貧乏人ほど文句が多いのよねと言ってたママ友がこっそりアルバイトをしていた意外なワケ短編小説

いつも余裕なママ友

「貧乏人ほど文句が多いのよね。余裕がないから、すぐ文句が出るのよ」

いつもきれいな服装で、持ち物もいわゆる「良いもの」を持っている彼女。公園のベンチで、他のママたちと談笑している時も、彼女は少しだけ違う空気をまとっていました。

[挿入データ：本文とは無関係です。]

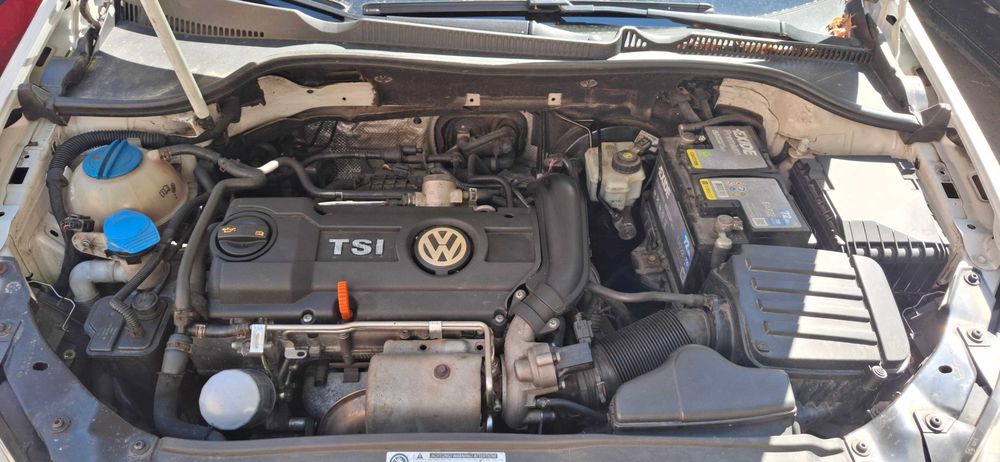 Volkswagen Golf 2009 benzină, 3.773 € — imagine 2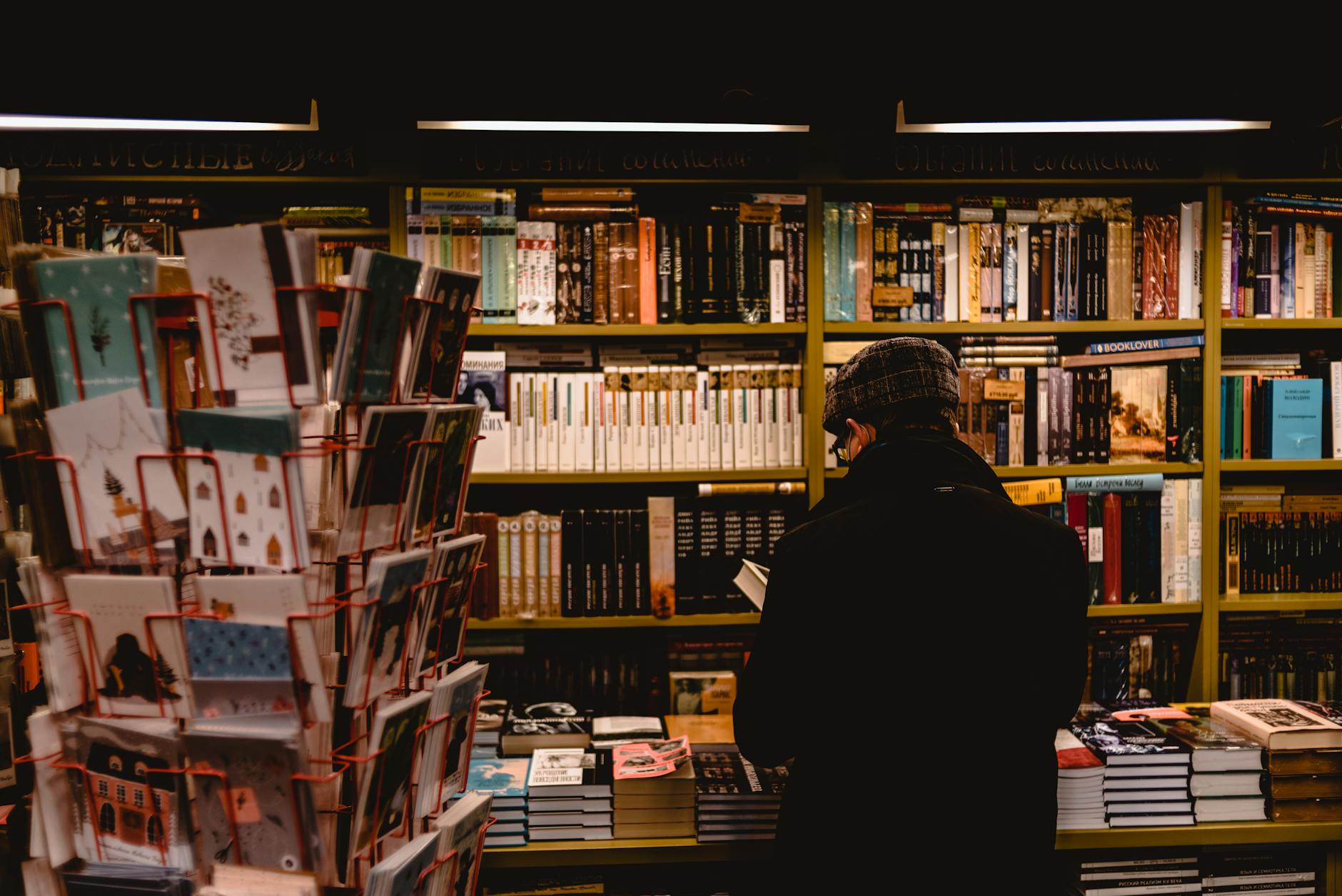 Person beim Stöbern in einer Buchhandlung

不満や愚痴が話題の中心になると、決まって彼女がそう言って話を終わらせるのです。

私は、そんなママ友が少し苦手でした。たしかに彼女の言う通りかもしれませんが、あまりにきっぱりと言い切る姿に、どこか冷たさを感じていたからです。

「きっと何不自由なく暮らしているから、そう思えるんだわ」と、心の中で少しだけ反発していました。

ファミレスで見た意外な横顔

そんなある日の午後、駅前のファミレスに立ち寄った時のことです。一人で遅い昼食をとろうと店内に入りました。

「……え?」

そこにいたのは、あのママ友でした。

いつもはきれいに巻いている髪を一つにまとめ、制服のエプロンをきびきびと着こなして働いているのです。いつもの余裕のある笑顔とは違う、真剣な「仕事の顔」でした。私は驚きのあまり、注文もそこそこに、彼女の動きを目で追ってしまいました。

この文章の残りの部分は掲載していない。